◆ **What this task involves**: Nothing but the lines from the one including "Hawaii Hula Girl" through the last line of the entries, restated exactly, should appear in the answer; omit the pictures.

Records from a data source
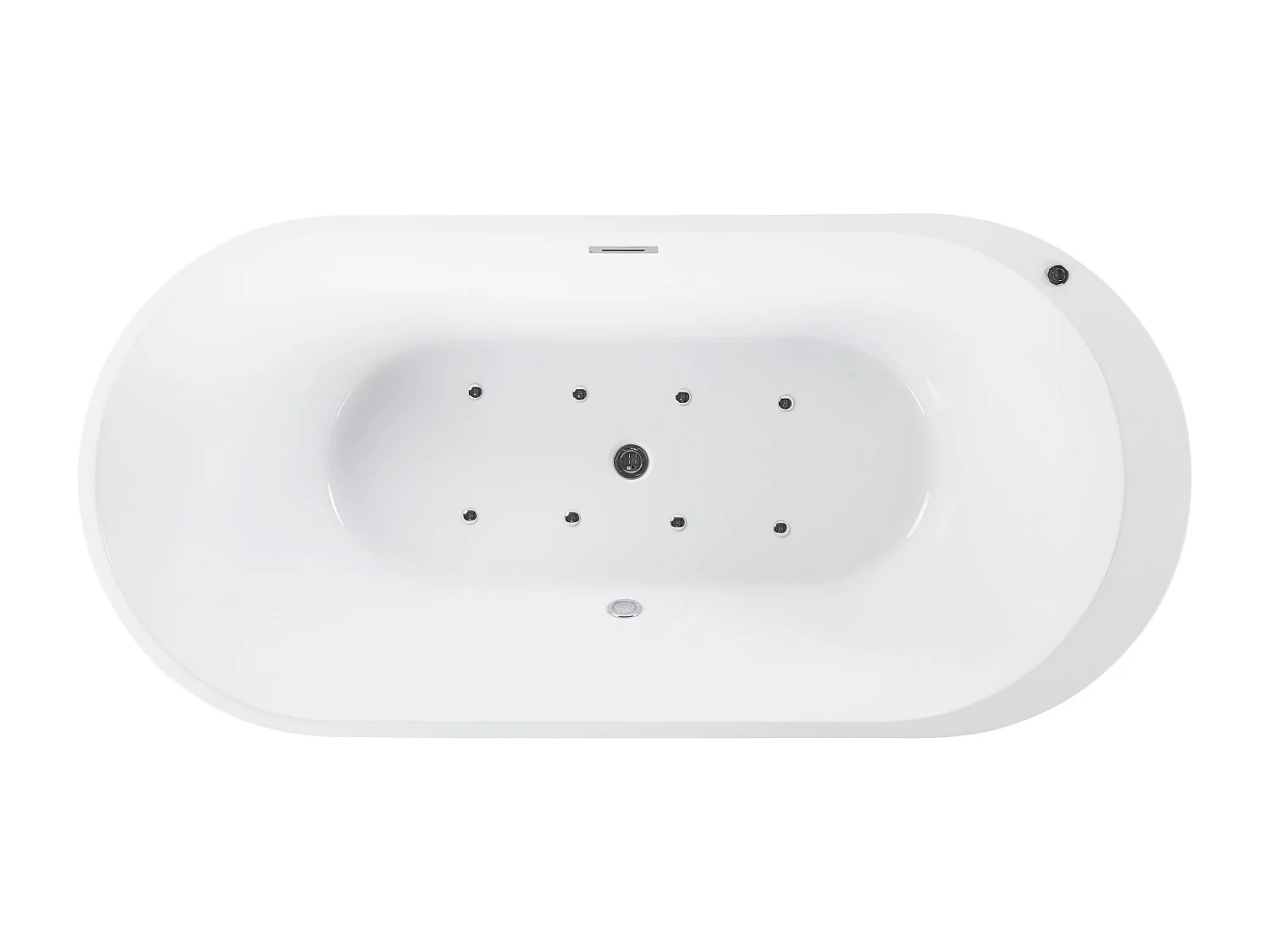 Bañera de hidromasaje independiente con LED NEVIS 170 x 80 cm Negro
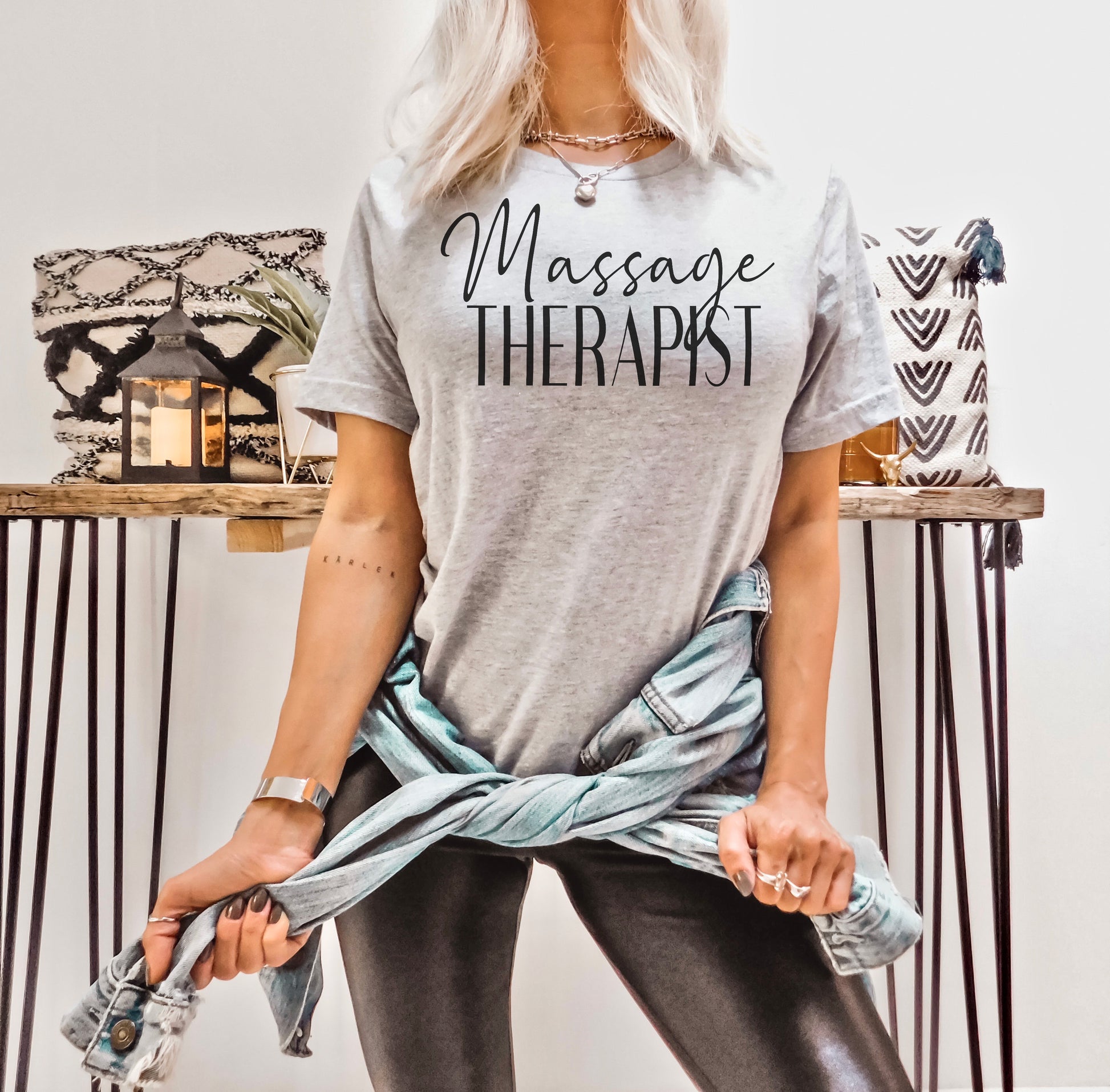 Designs by Prim Massage Therapist Soft Unisex T-Shirt | Therapy Reiki Muscle Whisperer Licensed Spa Salon Therapy Graphic Tee Top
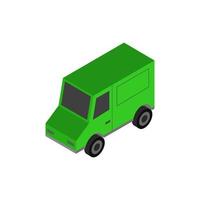 Isometric Van On White Background vector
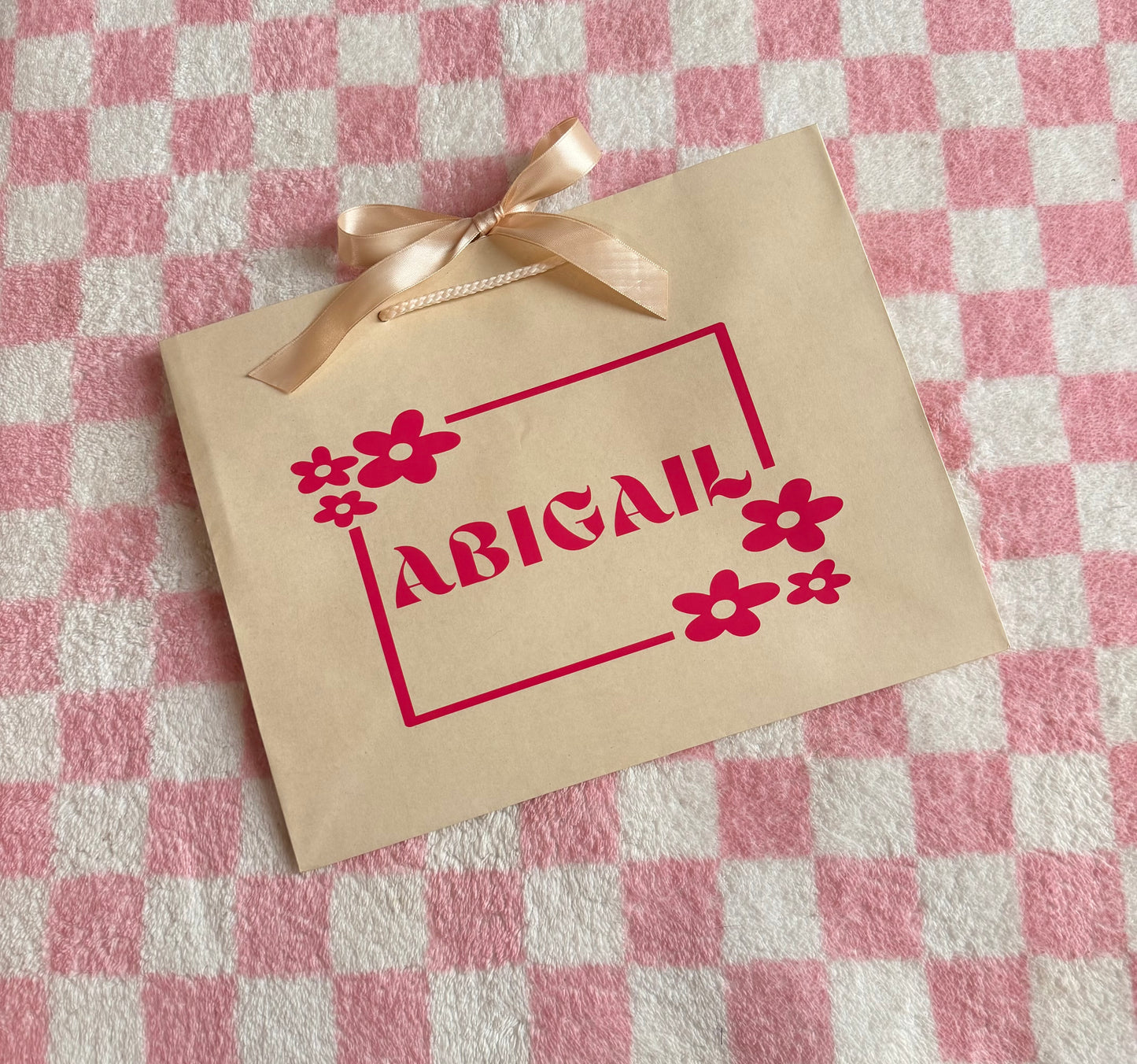 Personalised - Flower - Ribbon Tie Natural Rope Gift Bag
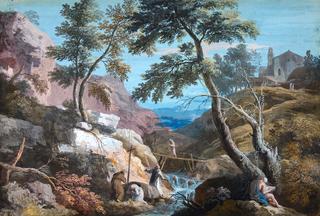 Mountainous Landscape with Hermits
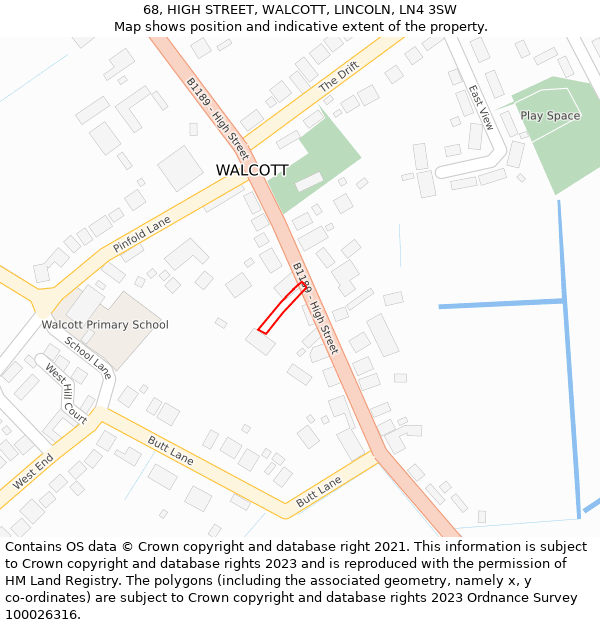 68, HIGH STREET, WALCOTT, LINCOLN, LN4 3SW: Location map and indicative extent of plot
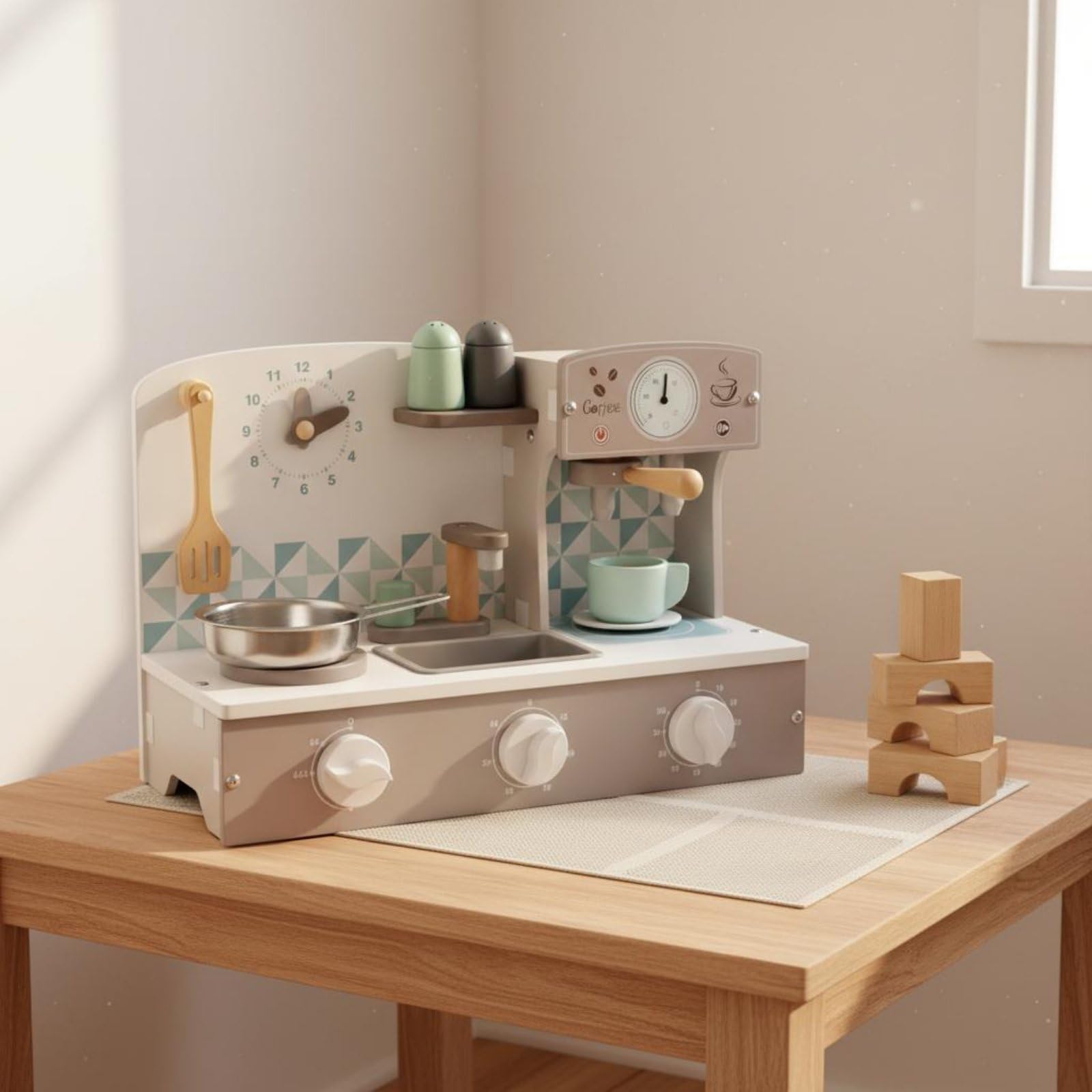 Children Play Kitchen Cocina de rol Cafetera de Juguete de Repostería Reloj Lúdico Tablero Estable de Madera y Metal Adecuado para Niños 4–6 Años Actividades en Casa Preescolar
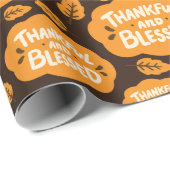 感謝と賛美秋オレンジ離れオレンジダークブラウン ラッピングペーパー (ロールコーナー)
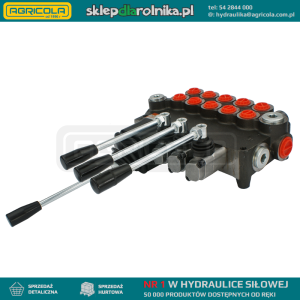 Rozdzielacz hydrauliczny 5 sekcyjny 80L sterowany trzema dźwigniami i jednym joystickiem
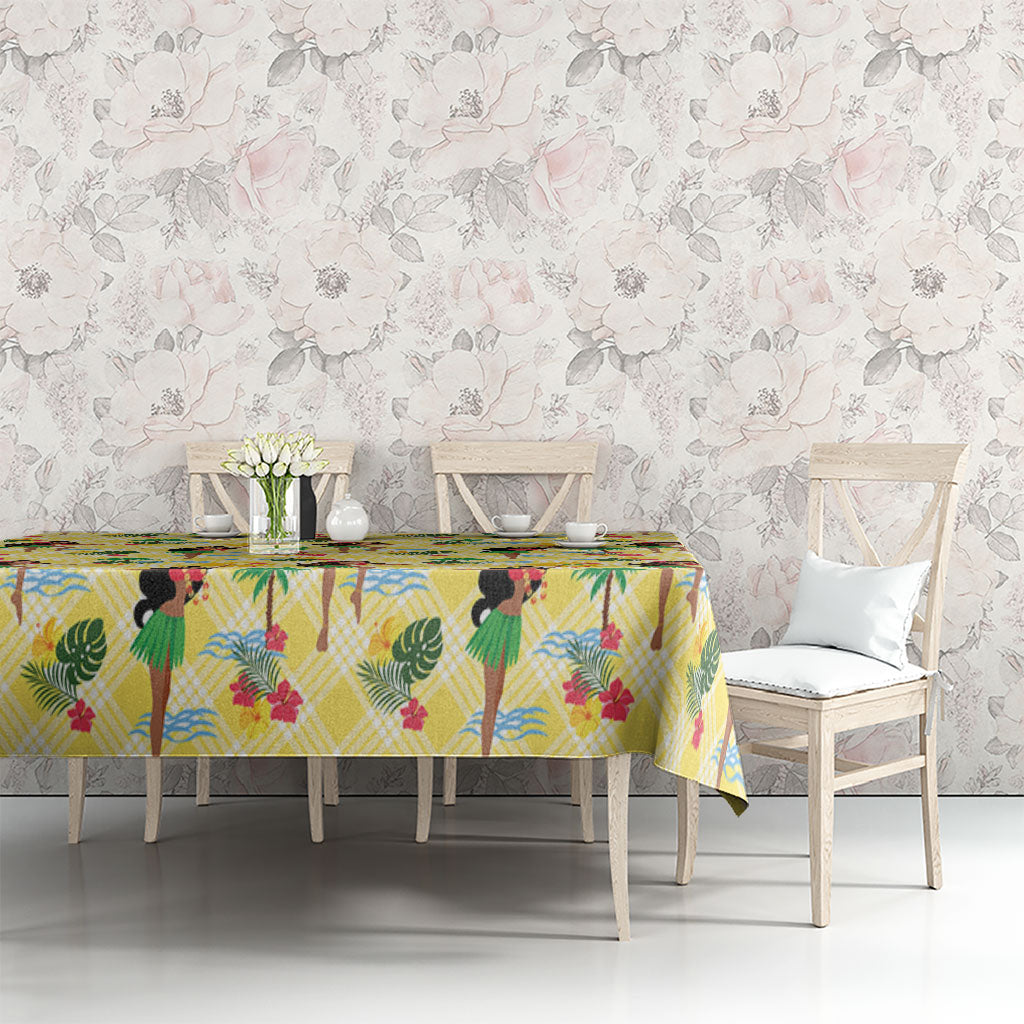 Hawaii Hula Girl Tropical Tablecloth Yellow Palaka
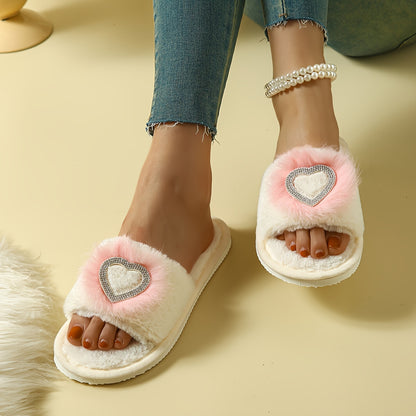 Rhinestone Heart Fluffy Home Slippers with Soft Plush Lining, Lightweight, Non-slip Floor Slippers for Winter and Autumn.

◆ **Task output**:
 Hawaii Hula Girl Tropical Tablecloth Yellow Palaka
 Rhinestone Heart Fluffy Home Slippers with Soft Plush Lining, Lightweight, Non-slip Floor Slippers for Winter and Autumn.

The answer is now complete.